中国新聞


子育て支援 運用で対応
次世代法全面施行3ヵ月


 地場企業 投資伴う動き鈍く

グラフ「次世代法に基づく主な子育て支援策の選択状況」

 少子化対策を進めるため次世代育成支援対策推進法(次世代法)が四月に全面施行されて三カ月。企業の対策としては、勤務時間の短縮など現行制度の運用面に重点を置く傾向が目立ち、出産で退職した社員の再雇用や託児所の設置などの大きな制度変更や投資を伴う動きは鈍いことが、広島労働局にこれまでに提出された各社の行動計画で浮かび上がった。

 広島労働局には六月末までに、行動計画の策定を義務付けられた従業員三百一人以上の企業の51・2%に当たる百五十社と、三百人以下十七社の計百六十七社が計画を提出。複数回答で選ぶ二十六項目の対策のうち、「所定外労働の削減」を選んだ企業が最も多く、49・1%を占めた。男性の育児休業の取得促進や休業中の代替要員の確保など「育児休業を取りやすく職場復帰しやすい環境整備」も48・5%で、ほぼ半数を占めた。

 「子どもの看護のための休暇制度導入」(26・3%)や「出産時の父親の休暇取得促進」(31・1%)「有給休暇の取得促進」(34・7%)など、25%を超えた八項目のうち五項目は休業・休暇関連に集中。子育てのための時間を社員に提供しようとする傾向が目立った。

 一方、人事制度の大幅な見直しが求められる対策は低調。「出産や子育てによる退職者の再雇用制度」は7・8%、「希望者に対する勤務地、担当業務の限定制度」は3・0%だった。設備の負担が必要な「事業所内託児施設の設置」は2・4%、「情報技術(IT)を利用した場所・時間にとらわれない働き方の導入」も1・2%と、ごく少数にとどまった。
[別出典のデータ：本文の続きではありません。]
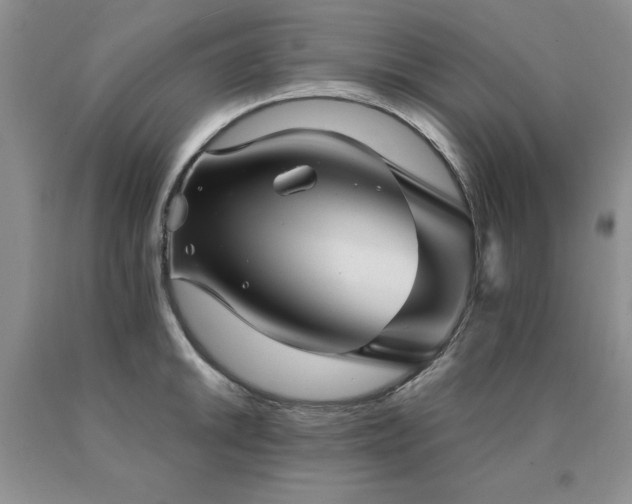 X0000091061046200708061238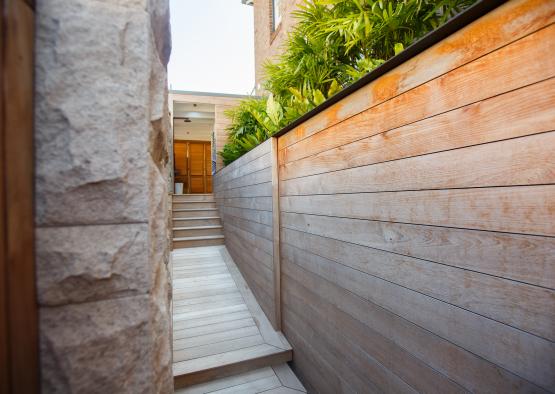 a wood wall with a staircase and plants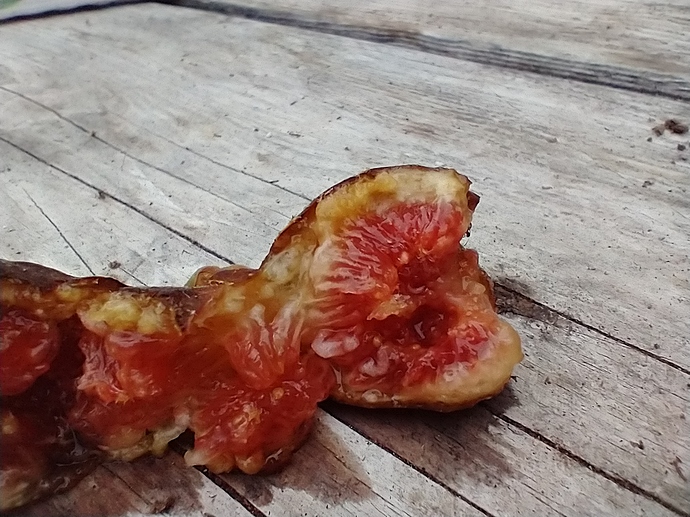 IMG_20200910_103621823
 提出が義務付けられている行動計画は、二十六項目の中から企業が対策を取る項目に〇を付ける方式。具体的な計画内容までの提出は求めておらず、今後は実効性などが課題になりそうだ。

■行動計画61.4%が提出 中国地方

 次世代育成支援対策推進法で、子育て支援の行動計画の提出が義務付けられた従業員三百一人以上の中国五県の企業六百二十四社のうち、61・4%に当たる三百八十三社が六月末までに提出を終えた。

 県別の提出状況は、島根が最も割合が高く、四十一社中三十八社と92・7%。山口(九十四社)83・0%、鳥取(三十八社)71・1%が続いた。

 広島は二百九十三社中百五十社で51・2%と最低。岡山(百五十八社)も57・0%で、企業数の多い県で提出が遅れている傾向がみられた。提出が「努力義務」となっている三百人以下の企業は五県で計五十八社だった。広島以外の四県の労働局は提出された計画について項目の内訳を集計していない。

 広島労働局は「少子化を食い止めるためには企業の支援が欠かせない。100%を目指して対象企業に提出を求める」としている。